Task input

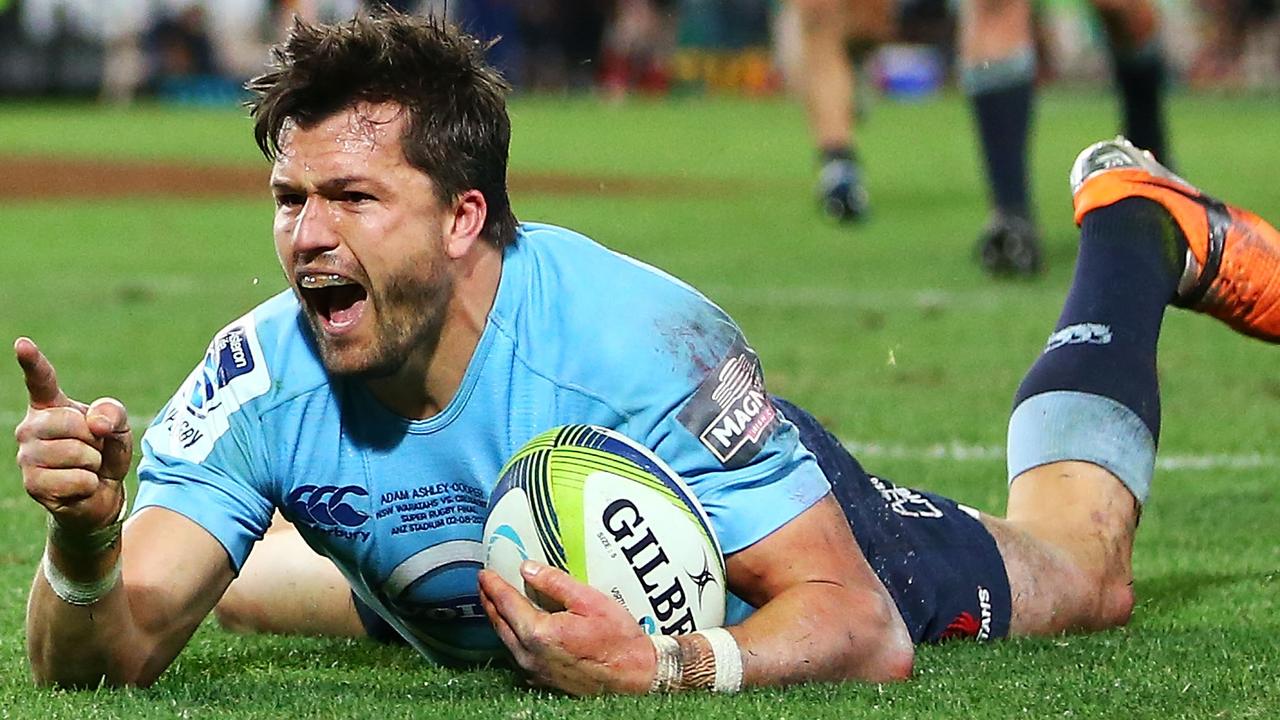 Adam Ashley-Cooper of the Waratahs celebrates scoring a try at ANZ Stadium.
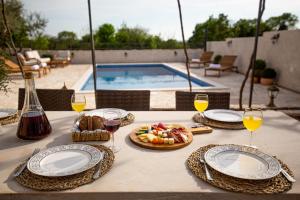 Seven Olives Guest House with heated pool near Krka waterfalls في Planjane: طاولة مع أطباق من الطعام وكؤوس من النبيذ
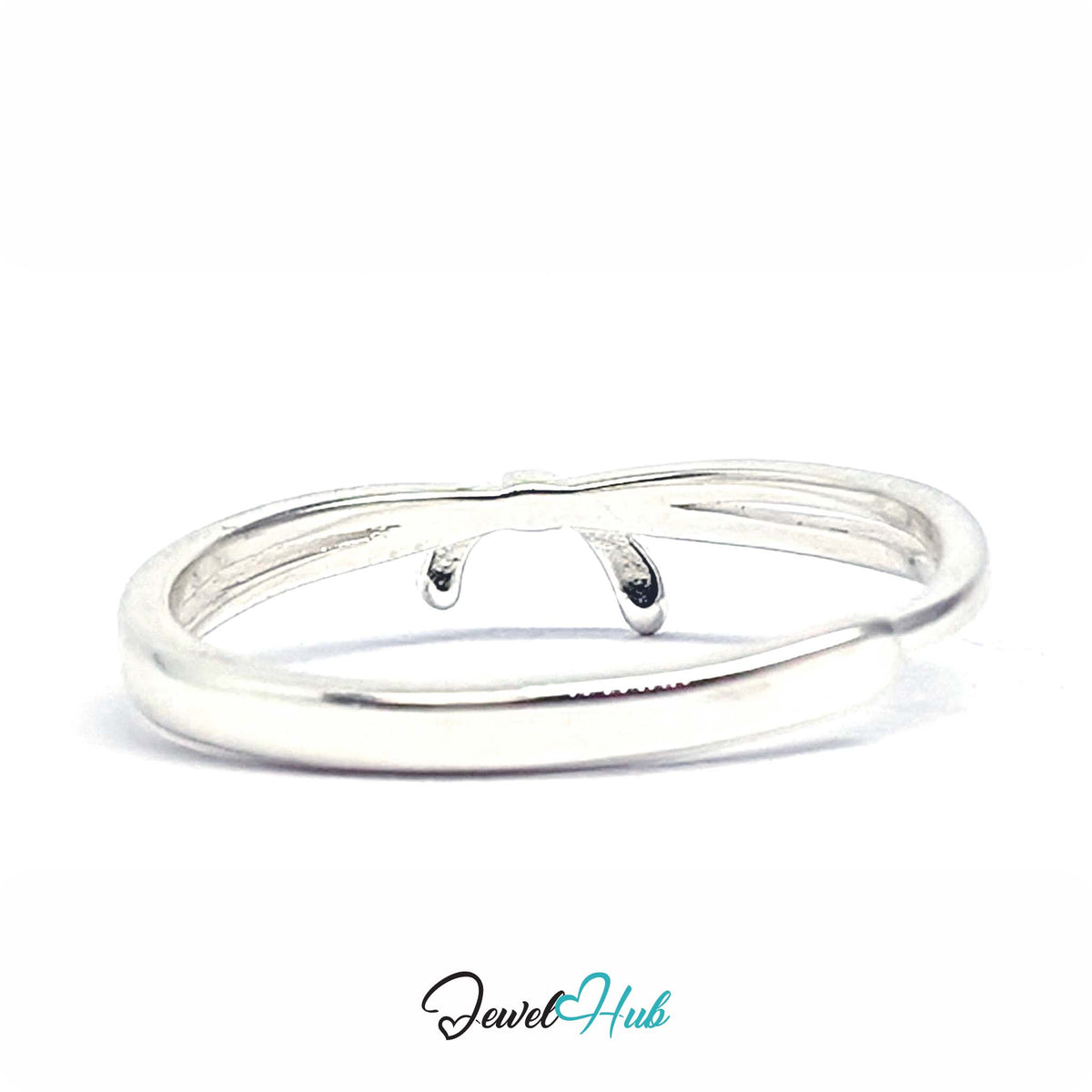 Ribbon ring from above, showing the long open loops running along the band - JewelHub
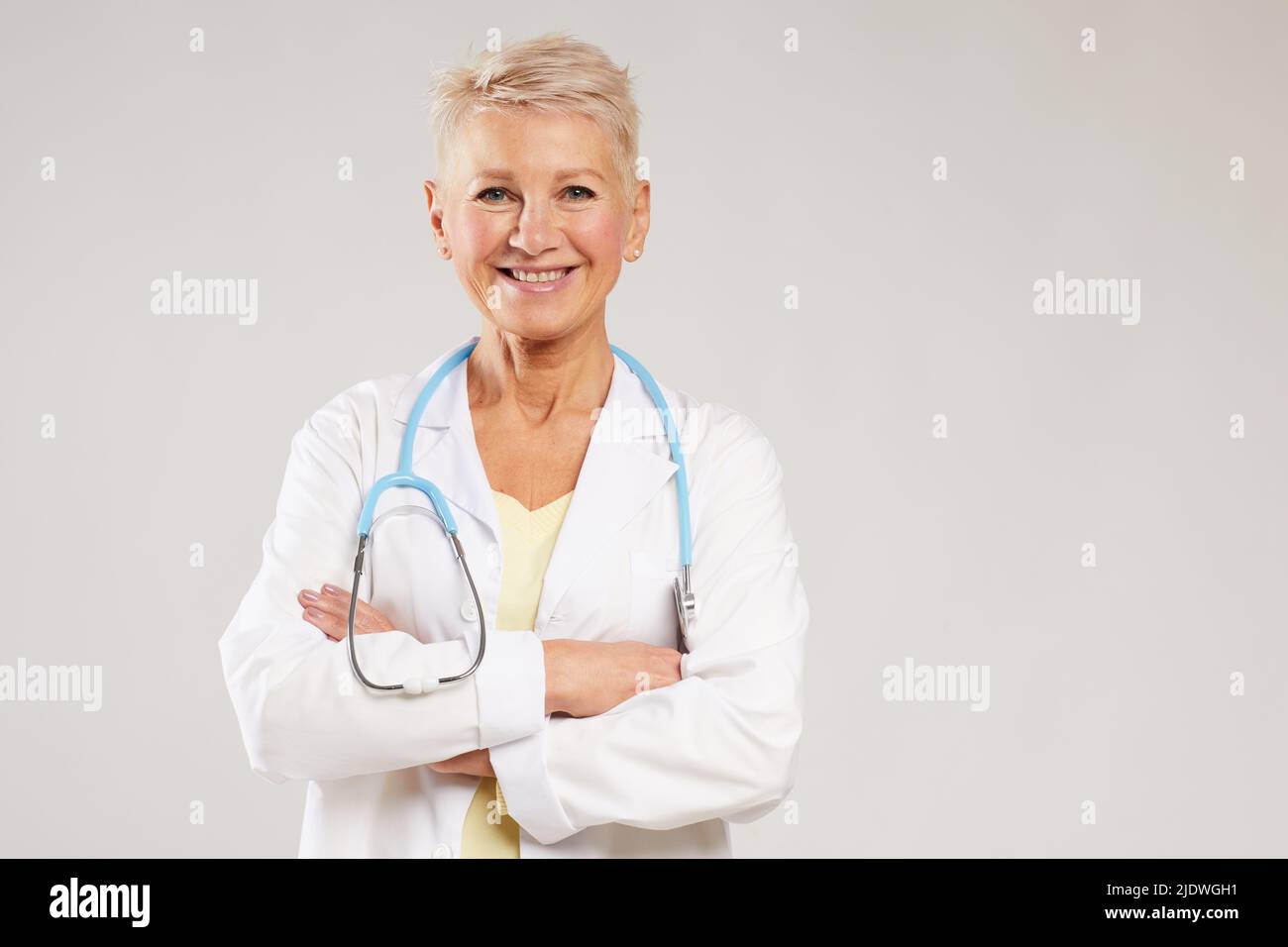 Ritratto di medico generico femminile maturo positivo con stetoscopio in piedi su sfondo bianco e incrociando le braccia sul petto Foto Stock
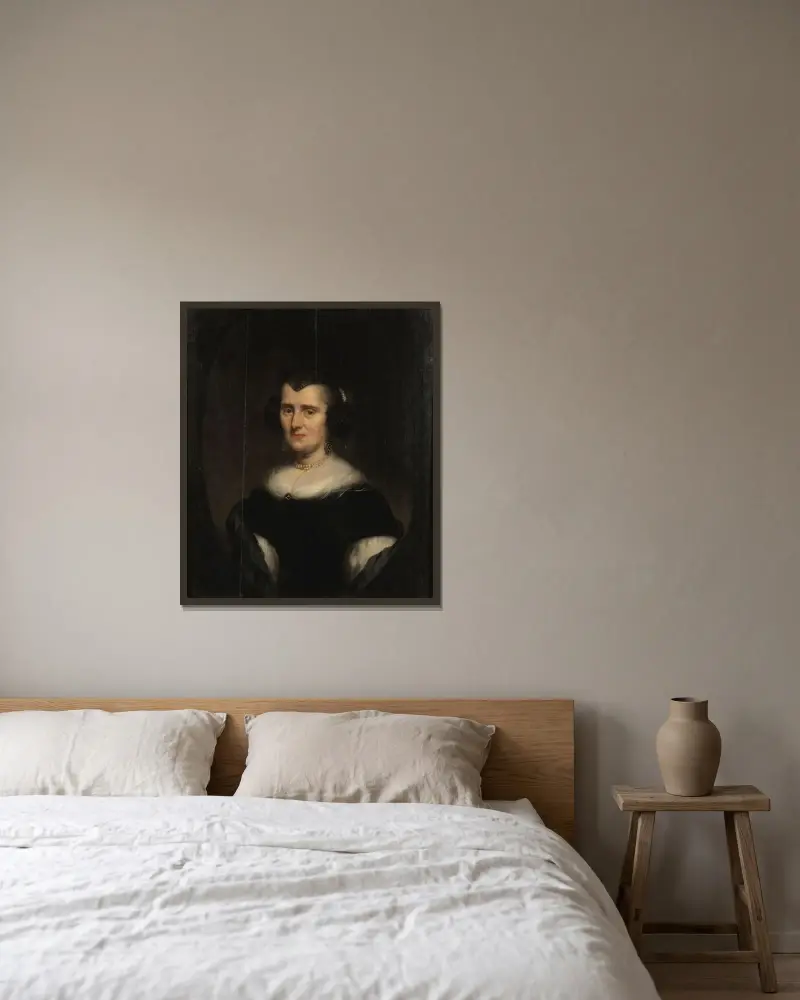 Halvlångt porträtt av en medelålders kvinna av Nicolaes Pietersz. Berchem inramad på en vägg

How to complete this task
Print out the records in full and exactly, dropping every picture.

Answer to this exercise
 Adam Ashley-Cooper of the Waratahs celebrates scoring a try at ANZ Stadium.
 Seven Olives Guest House with heated pool near Krka waterfalls في Planjane: طاولة مع أطباق من الطعام وكؤوس من النبيذ
 Ribbon ring from above, showing the long open loops running along the band - JewelHub
 Ritratto di medico generico femminile maturo positivo con stetoscopio in piedi su sfondo bianco e incrociando le braccia sul petto Foto Stock
 Halvlångt porträtt av en medelålders kvinna av Nicolaes Pietersz. Berchem inramad på en vägg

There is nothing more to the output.